The AI plays against itself. Both sides use the same neural network. Each game produces training data: "at this board position, MCTS chose these moves."
A memory bank of recent games. The network trains on random samples from this buffer — not just the latest game. Size matters: too small = narrow data, too big = stale data.
Two outputs from one brain:
Policy head: "Where should I play?" → probability for each move
Value head: "Am I winning?" → score from −1 to +1
"If I play here, they'll play there, then I'll play..." The tree explores thousands of these futures.
After 200 simulations, the most-visited move is probably the best. The visit count distribution becomes the training target.
Sharp target: "Move A got 60% of visits, B got 20%." → network learns a clear preference.
Diffuse target: "10 moves each got ~10%." → network learns nothing useful. our problem
Weak network → flat policy prior → MCTS explores everything equally → diffuse targets → network can't learn sharp preferences → still weak. A vicious cycle.
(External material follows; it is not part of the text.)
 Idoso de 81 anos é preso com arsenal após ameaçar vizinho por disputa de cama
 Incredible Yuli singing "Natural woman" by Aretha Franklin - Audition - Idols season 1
Training feeds the network board + 8 turns of history (17 planes). But MCTS only feeds current board (3 planes). The network sees different inputs in training vs search. v6 fix
Fix the encoding mismatch. Drop history planes from training inputs so they match MCTS. One-line change. Resume from v5. The network already performs better without history (entropy 2.07 vs 3.07) — we just need to stop confusing it during training.